?Alos è il nome del progetto solista di Stefania Pedretti, musicista e performer sperimentale nota soprattutto per le ottime cose fatte insieme a Bruno Dorella negli OvO, audace duo avant-garde/noise/industrial (e chi più ne ha, più ne metta) che abbiamo ascoltato l’ultima volta un paio di anni fa con l’album “Creatura”.
Un lavoro potente sotto ogni punto di vista: metallico, ruvido e rumoroso come solo un ipotetico figlio bastardo di Lightning Bolt e Godflesh potrebbe essere. Non lasciatevi ingannare dalle apparenze, però: dietro la spessa scorza granitica gli OvO nascondono un cuore che gronda pathos.
A fare la differenza è proprio la voce della cantante di Vigevano, che anche quando si trasforma in terribile rantolo mortale (mi viene in mente “Buco Nero”, tanto per fare un esempio) porta con sè una carica emotiva e un’umanità in grado di colpire chiunque. Non sorprendetevi quindi se vi dirò che nell’ambient monolitico di “The Chaos Awakening” Stefania Pedretti trova il suo habitat naturale.
Il maggior risalto a quella matrice drone che nell’opera degli OvO c’è ma è spesso solo in sottofondo dona sfumature inedite a un disco che poi tanto disco non è: si tratta infatti di una traccia unica di 20 minuti, registrata dal vivo durante una residenza artistica in una vecchia casa cantoniera chiamata Valico Terminus, a Lugolo di Ramiseto.

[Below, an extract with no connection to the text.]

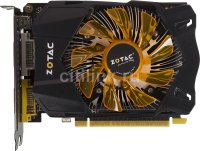  2Gb (PCI-E) Zotac GTX750Ti c CUDA (ZT-70601-10M) GDDR5, 128 bit, HDCP, 2*DVI, mini HDMI,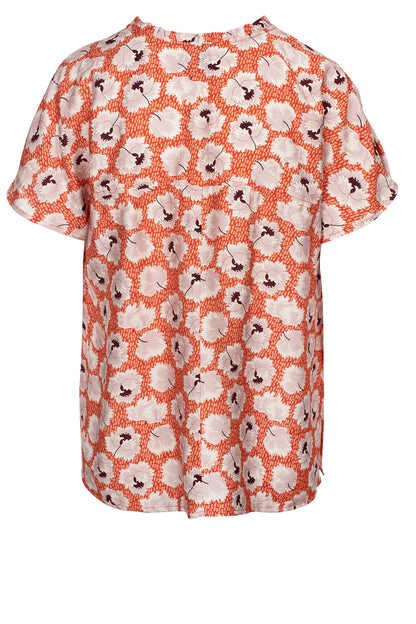 LUXZUZ // ONE TWO Maritoana Blouse Blouse 230 Emberglow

Ma siamo davvero in un paesino sull’Appennino reggiano? No, perchè a sentire “The Chaos Awakening” sembra di essere su un ascensore che lentamente ci cala in un’idea di inferno simile a quella che probabilmente hanno in Estremo Oriente. Gli interminabili tappeti di synth, le montagne di scampanellii e i flauti apocalittici che infondono oscuro misticismo alla musica di ?Alos sfumano solo quando Stefania Pedretti inizia timidamente a produrre suoni con la bocca.
E qui c’è una bella sorpresa: il canto armonico in stile tuvano che ascoltate è un chiaro segno di quanto “The Chaos Awakening” sia legato alla tradizione asiatica. La parte finale della suite (perchè credo la si possa considerare tale) è un vero e proprio studio che Pedretti compie sulla sua voce. Una voce che si trasforma in strumento: imita i suoni della natura, attraversa ogni tipo di metamorfosi e, quando tutto sembra vicino al termine, si moltiplica in un esercito di disperati i cui versi vi perseguiteranno a lungo nei vostri incubi. Un album da godersi come un bel film (horror, naturalmente).